To automate this process Red Hat provides a complete solution for managing SAP HANA Scale-Out System Replication based on the RHEL HA Add-On that is part of the RHEL for SAP Solutions subscription. This documentation provides the concepts, planning, and high-level instructions on how to set up an automated SAP HANA Scale-Out System Replication solution using RHEL for SAP Solutions. This solution has been extensively tested and is proven to work, but the challenges of a real implementation are typically more complex than what this solution can cover. Red Hat therefore recommends that a certified consultant familiar with both SAP HANA and the Pacemaker-based RHEL High Availability Add-On sets up and subsequently services such a solution.

For more information about RHEL for SAP Solutions, see Overview of Red Hat Enterprise Linux for SAP Solutions Subscription.

This solution is for experienced Linux Administrators and SAP Certified Technology Associates. The solution contains planning and deployment information for SAP HANA Scale-Out with System Replication, as well as information on Pacemaker integration with RHEL 8 or later.

Building an SAP HANA scale-out environment with HANA System Replication and Pacemaker connectivity combines several complex technologies. This document contains references to SAP Notes or documentation that explains SAP HANA configuration.

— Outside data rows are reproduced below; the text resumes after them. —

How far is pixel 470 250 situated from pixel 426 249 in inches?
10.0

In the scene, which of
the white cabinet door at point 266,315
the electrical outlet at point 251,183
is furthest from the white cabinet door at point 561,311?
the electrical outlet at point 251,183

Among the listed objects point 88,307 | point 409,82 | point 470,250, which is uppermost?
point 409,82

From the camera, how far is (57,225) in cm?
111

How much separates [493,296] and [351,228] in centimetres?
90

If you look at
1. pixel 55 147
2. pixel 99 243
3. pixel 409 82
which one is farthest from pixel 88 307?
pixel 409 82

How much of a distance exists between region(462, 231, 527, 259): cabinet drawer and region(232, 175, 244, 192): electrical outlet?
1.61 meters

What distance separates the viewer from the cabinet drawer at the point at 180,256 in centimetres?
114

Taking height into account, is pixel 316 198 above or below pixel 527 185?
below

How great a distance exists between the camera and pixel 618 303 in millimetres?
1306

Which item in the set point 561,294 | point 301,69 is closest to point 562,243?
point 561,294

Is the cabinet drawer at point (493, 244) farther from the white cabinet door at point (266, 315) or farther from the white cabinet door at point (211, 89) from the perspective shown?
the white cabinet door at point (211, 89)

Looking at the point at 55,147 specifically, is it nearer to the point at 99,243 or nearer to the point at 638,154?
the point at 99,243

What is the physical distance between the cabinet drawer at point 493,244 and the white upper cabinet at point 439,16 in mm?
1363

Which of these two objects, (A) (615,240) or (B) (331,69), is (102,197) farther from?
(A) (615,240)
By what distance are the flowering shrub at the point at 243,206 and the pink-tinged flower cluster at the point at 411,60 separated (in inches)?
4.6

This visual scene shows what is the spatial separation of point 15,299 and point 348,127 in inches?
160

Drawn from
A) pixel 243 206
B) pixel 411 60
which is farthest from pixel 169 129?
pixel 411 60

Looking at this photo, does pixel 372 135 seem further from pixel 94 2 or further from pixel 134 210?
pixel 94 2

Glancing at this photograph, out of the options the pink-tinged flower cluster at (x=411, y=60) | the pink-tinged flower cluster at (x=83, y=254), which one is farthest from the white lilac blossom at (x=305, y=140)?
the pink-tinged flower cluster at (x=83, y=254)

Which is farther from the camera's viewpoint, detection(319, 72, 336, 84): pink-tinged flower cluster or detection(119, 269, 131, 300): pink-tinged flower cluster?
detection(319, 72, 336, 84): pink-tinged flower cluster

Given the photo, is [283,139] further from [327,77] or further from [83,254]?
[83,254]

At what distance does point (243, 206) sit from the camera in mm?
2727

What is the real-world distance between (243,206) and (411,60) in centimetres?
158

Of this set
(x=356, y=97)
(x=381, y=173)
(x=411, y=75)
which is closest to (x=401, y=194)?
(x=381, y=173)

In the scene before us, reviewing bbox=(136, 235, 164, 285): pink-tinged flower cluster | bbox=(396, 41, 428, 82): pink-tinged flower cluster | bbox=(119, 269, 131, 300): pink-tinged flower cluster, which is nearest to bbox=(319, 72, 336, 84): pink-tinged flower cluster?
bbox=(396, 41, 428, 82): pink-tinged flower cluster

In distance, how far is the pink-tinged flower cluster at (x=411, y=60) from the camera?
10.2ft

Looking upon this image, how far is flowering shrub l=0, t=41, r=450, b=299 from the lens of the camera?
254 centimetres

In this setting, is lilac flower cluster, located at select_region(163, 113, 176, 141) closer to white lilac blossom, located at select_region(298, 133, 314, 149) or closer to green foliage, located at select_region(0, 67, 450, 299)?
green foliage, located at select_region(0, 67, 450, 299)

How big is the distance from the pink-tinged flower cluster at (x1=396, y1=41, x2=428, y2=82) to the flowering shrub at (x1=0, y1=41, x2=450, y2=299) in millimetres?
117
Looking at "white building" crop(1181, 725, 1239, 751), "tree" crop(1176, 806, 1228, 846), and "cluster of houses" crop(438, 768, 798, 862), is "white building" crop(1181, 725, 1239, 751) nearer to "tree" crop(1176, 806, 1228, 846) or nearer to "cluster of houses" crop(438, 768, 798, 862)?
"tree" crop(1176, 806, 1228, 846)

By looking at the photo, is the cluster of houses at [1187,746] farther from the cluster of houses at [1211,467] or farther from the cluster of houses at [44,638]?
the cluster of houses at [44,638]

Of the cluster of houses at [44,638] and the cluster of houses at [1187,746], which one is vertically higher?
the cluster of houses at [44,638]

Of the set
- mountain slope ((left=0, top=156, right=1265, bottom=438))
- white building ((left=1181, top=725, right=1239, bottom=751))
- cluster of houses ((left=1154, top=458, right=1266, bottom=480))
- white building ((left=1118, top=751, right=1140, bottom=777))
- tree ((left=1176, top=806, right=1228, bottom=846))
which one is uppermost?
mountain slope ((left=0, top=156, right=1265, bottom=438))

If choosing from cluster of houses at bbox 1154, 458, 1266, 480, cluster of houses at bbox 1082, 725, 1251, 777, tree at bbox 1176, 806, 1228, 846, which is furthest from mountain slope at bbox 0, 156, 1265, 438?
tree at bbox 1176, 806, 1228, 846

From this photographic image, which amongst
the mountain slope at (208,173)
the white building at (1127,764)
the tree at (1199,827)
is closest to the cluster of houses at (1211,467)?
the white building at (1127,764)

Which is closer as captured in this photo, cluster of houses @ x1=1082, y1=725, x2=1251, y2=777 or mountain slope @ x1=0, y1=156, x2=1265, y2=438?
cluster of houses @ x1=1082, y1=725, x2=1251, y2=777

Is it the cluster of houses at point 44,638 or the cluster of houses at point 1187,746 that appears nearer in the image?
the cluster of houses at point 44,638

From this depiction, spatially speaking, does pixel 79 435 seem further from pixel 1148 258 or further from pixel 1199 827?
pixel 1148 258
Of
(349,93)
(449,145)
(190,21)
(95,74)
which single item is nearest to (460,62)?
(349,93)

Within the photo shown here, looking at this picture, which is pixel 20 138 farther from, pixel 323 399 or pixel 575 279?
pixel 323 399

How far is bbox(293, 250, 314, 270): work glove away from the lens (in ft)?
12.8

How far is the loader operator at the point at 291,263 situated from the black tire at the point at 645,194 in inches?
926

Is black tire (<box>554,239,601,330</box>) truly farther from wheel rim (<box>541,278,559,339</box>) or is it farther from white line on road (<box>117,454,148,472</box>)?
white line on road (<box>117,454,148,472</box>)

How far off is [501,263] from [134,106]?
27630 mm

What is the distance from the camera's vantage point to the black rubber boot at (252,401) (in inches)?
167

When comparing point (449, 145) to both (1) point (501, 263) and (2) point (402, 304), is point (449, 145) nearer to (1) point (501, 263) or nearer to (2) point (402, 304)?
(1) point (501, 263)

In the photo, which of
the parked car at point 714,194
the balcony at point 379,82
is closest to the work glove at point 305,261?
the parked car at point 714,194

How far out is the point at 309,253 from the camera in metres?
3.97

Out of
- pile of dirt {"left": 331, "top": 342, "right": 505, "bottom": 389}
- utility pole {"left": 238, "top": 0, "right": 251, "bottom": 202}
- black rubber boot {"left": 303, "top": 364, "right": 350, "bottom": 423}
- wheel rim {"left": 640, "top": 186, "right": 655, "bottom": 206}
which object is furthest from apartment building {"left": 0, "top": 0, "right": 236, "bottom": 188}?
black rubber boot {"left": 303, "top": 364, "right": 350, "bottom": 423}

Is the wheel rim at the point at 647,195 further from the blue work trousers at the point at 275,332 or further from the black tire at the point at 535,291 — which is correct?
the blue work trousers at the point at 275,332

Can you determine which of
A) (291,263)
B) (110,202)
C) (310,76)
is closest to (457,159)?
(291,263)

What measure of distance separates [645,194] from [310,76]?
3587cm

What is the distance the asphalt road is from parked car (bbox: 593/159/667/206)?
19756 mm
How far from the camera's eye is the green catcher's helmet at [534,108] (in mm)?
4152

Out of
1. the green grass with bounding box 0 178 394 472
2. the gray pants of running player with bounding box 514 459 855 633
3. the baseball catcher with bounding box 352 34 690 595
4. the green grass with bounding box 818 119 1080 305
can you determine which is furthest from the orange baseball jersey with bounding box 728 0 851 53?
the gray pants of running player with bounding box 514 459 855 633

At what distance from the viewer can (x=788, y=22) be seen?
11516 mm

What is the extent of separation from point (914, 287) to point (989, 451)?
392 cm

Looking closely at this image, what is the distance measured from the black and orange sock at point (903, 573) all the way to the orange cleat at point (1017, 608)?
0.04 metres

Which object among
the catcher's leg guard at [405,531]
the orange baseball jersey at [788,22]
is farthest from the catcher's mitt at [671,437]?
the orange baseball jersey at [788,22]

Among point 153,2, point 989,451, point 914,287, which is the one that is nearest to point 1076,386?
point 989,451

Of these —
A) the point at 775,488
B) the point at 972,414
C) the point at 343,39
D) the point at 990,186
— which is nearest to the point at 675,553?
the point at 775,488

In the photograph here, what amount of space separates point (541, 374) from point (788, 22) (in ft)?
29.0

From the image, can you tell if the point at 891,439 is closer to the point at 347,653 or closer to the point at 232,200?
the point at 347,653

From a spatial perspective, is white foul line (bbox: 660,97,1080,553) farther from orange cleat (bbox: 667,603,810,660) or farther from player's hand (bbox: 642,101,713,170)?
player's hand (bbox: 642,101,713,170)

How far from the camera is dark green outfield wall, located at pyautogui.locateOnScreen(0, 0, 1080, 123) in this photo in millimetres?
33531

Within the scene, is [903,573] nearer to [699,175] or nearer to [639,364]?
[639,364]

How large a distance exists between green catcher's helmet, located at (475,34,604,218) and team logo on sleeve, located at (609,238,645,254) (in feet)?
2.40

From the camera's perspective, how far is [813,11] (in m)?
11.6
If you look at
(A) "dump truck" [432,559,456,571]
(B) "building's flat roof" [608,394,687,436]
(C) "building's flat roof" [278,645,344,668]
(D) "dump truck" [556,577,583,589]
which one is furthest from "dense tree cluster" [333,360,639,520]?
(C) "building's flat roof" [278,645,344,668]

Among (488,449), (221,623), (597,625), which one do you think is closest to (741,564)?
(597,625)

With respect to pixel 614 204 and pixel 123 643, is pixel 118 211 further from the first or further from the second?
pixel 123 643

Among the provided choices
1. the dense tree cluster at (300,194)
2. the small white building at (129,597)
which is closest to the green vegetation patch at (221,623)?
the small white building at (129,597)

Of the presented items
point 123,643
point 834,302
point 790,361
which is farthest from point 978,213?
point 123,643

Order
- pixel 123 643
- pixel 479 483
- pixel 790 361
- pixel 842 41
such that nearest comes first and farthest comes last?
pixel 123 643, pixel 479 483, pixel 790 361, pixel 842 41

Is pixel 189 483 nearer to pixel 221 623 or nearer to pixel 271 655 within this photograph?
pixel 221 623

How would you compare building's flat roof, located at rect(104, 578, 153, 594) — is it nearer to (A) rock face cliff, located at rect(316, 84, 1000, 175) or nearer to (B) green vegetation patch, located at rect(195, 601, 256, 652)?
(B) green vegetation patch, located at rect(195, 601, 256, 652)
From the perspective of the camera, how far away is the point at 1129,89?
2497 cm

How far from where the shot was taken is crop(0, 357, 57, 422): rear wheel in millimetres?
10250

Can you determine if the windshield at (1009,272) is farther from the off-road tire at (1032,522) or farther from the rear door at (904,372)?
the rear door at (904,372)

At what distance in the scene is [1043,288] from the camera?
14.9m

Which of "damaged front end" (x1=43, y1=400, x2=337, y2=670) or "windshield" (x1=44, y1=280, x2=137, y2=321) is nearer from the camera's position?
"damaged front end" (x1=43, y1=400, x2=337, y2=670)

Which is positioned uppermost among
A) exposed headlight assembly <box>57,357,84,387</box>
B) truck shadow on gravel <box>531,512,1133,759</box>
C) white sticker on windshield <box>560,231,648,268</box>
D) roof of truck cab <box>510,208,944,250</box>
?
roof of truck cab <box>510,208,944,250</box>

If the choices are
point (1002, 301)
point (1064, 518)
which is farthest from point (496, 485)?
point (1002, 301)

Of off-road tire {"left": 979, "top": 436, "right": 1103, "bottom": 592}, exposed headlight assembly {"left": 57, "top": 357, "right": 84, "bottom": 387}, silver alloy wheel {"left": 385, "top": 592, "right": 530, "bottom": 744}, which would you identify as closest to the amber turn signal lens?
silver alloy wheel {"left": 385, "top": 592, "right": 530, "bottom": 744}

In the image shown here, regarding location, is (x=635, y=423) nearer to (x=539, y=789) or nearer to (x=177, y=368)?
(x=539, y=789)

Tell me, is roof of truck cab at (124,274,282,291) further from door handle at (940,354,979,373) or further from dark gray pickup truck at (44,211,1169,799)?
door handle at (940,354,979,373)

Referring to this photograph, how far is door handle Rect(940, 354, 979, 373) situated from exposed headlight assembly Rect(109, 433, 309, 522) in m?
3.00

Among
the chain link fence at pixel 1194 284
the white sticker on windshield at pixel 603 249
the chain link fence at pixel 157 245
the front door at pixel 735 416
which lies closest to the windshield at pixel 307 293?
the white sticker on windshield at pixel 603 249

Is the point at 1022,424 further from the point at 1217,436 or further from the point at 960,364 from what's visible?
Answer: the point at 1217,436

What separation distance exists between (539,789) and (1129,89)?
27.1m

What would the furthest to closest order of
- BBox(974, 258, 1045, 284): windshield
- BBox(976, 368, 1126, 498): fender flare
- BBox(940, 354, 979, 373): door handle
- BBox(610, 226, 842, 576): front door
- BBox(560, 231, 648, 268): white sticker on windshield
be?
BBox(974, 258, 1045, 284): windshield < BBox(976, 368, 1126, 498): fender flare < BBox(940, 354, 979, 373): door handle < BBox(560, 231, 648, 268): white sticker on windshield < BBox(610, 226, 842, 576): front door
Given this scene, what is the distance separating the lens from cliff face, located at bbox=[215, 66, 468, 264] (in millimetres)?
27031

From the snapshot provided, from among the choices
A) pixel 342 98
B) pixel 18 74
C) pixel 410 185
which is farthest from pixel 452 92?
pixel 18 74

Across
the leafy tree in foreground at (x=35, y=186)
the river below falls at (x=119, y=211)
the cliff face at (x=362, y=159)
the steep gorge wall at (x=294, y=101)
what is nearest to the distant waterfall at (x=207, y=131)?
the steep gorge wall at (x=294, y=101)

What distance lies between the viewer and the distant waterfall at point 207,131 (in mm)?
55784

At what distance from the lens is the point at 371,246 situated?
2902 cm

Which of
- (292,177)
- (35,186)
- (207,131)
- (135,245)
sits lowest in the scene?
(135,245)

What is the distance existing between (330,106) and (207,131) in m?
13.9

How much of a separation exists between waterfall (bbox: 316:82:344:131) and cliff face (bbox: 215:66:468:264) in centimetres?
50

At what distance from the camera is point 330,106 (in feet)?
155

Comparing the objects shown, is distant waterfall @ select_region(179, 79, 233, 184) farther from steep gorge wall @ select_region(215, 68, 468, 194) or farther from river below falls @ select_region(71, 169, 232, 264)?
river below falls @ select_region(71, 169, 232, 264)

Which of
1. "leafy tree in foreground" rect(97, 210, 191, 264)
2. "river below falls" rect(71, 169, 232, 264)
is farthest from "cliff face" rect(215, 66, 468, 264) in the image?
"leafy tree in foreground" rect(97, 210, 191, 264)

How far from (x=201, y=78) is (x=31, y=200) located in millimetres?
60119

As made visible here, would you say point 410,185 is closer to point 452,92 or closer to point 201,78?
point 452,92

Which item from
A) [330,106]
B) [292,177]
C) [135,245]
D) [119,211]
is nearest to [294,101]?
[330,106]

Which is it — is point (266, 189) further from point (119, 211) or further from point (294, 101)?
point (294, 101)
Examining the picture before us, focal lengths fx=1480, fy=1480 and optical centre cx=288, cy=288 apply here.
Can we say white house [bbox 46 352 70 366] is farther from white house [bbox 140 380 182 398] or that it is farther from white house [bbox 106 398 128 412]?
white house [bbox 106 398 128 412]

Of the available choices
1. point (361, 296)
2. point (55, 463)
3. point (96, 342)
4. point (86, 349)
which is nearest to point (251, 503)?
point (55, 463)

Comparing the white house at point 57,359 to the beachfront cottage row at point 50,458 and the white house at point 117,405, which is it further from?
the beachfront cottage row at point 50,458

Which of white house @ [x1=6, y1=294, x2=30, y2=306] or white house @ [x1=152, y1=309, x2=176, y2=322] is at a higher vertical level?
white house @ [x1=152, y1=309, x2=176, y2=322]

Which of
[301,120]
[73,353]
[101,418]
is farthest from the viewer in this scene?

An SAP HANA system as a scale-out cluster primarily extends a growing SAP HANA landscape with new hardware easily. For this feature, essential components of the infrastructure, such as storage and network, require the use of shared resources. Based on this configuration, it is possible to extend the availability of the environment by using standby nodes, providing another level of High Availability solution before a site takeover is initiated.

The SAP HANA scale-out solution can be extended to include two or more completely independent scale-out solutions that act as additional mirrors. The system replication process mirrors databases according to the active/passive method with maximum performance. The communication takes place entirely over the network. Additional infrastructure components are not needed.

Pacemaker automates the system replication process when critical components fail. For this purpose, data from the scale-out environment as well as from the system replication process are evaluated to ensure continued operation. The cluster manages the primary IP address that the client uses to connect to the database. This ensures that in the event of the cluster triggering a database takeover, the clients can still connect to the active instance.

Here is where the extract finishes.